171 Boeing 737 MAX 9 Planes Grounded After Mid-Air Blowout on Alaska Airlines Jet

171 Boeing 737 MAX 9 planes were grounded after Alaska Airlines jet suffered a mid-air blowout

The Federal Aviation Administration (FAA) ordered a temporary grounding of 171 Boeing 737 MAX 9 jets installed with the same panel that caused a mid-air blowout on an Alaska Airlines jet on Friday.

The eight-week-old Alaska Airlines jet was forced to make an emergency landing after the door plug tore off the left side of the jet following takeoff from Portland, Oregon as it headed to Ontario, California.

“They will remain grounded until the FAA is satisfied that they are safe”, the agency said in a statement over the weekend.

The jet had reached 16,000ft (4,876m) before it had to turn back and land safely with all 171 passengers and 6 crew according to the BBC.

After an initial search for the missing door plug, it was recovered on Sunday in the backyard of a Portland School Teacher.
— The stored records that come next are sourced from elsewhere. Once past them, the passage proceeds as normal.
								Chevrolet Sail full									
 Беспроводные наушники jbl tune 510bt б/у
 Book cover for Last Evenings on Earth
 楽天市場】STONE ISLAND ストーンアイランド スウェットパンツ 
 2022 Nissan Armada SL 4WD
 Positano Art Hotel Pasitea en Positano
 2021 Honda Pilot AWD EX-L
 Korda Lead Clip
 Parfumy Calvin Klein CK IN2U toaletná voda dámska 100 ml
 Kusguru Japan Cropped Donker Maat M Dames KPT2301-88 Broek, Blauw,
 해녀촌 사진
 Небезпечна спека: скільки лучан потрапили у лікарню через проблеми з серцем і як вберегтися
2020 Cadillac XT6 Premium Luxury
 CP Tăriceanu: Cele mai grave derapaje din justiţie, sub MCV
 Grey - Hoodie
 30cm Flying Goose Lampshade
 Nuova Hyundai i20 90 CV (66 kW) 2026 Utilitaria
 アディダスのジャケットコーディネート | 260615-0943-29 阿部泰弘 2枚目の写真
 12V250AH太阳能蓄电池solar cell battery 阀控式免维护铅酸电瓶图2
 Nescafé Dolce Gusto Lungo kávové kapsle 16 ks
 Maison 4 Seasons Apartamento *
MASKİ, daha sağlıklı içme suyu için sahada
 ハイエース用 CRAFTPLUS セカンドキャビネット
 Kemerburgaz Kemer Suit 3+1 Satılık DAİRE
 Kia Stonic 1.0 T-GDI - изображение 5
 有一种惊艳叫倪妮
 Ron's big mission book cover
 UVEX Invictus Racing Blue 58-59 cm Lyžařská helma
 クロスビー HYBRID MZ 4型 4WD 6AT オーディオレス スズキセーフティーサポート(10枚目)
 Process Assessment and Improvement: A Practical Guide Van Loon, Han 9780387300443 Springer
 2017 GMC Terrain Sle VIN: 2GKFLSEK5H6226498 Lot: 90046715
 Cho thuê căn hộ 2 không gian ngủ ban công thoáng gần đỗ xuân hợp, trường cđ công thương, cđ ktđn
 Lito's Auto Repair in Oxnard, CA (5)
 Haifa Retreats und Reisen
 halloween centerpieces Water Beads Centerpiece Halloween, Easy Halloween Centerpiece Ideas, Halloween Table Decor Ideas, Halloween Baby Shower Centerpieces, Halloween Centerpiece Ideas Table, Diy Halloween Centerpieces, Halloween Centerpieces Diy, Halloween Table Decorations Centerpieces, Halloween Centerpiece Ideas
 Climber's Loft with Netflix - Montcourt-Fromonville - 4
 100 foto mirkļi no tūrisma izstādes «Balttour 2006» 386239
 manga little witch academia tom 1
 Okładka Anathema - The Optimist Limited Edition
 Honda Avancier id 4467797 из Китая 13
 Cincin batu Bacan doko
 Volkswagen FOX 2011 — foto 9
The plug will be used in the investigation carried out by the US authorities.

Various US media outlets reported that the force of the 737 MAX 9 decompression, because of the door plug flying off, had such a force that it blew open the cockpit door.

Of the 171 planes grounded, 144 are operating in the United States according to Cirium.

Alaskan Airlines cancelled 170 flights, affecting nearly 25,000 customers, with the company acknowledging that travel disruptions will be expected to last until midweek.

United Airlines cancelled 230 flights on Sunday, which was 8% of all scheduled flights after grounding 79 of its 737 MAX 9 aircraft.

In a statement, United said that they had carried out inspections required by FAA on some of the aircraft.

The extra exit door is typically installed by low-cost airlines using more seats that required additional evacuation routes. From a passengers’ view, the area looks like a normal window seat.

Sometimes, these doors can be plugged onto jets with fewer seats. This was the case with Alaska Airlines.

Jennifer Homendy, chair of National Transportation Safety Board (NTSB), in remarks picked up by Reuters, said that the auto pressurisation fail light had illuminated on the same Alaskan Aircraft on previous flights on December 7, Jan 3 and Jan 4.

Alaskan Airlines had made the decision following these warnings to restrict aircraft from making long flights over water to Hawaii so that it could return to back to an airport, Homendy added.

This is not the first time that a Boeing MAX aircraft has been grounded. In 2019, global aviation authorities grounded all MAX aircraft following crashes in Ethiopia and Indonesia resulting in the death of 346 people. The grounding lasted for 20 months due to issues with the Maneuvering Characteristics Augmentation Software (MCAS), a then new feature of 737 MAX 8.


Complex Installation

The incident comes at a crucial moment for Boeing as it seeks regulatory approval for the MAX 7 and MAX 10, both designed to compete with larger Airbus models, Reuters reports.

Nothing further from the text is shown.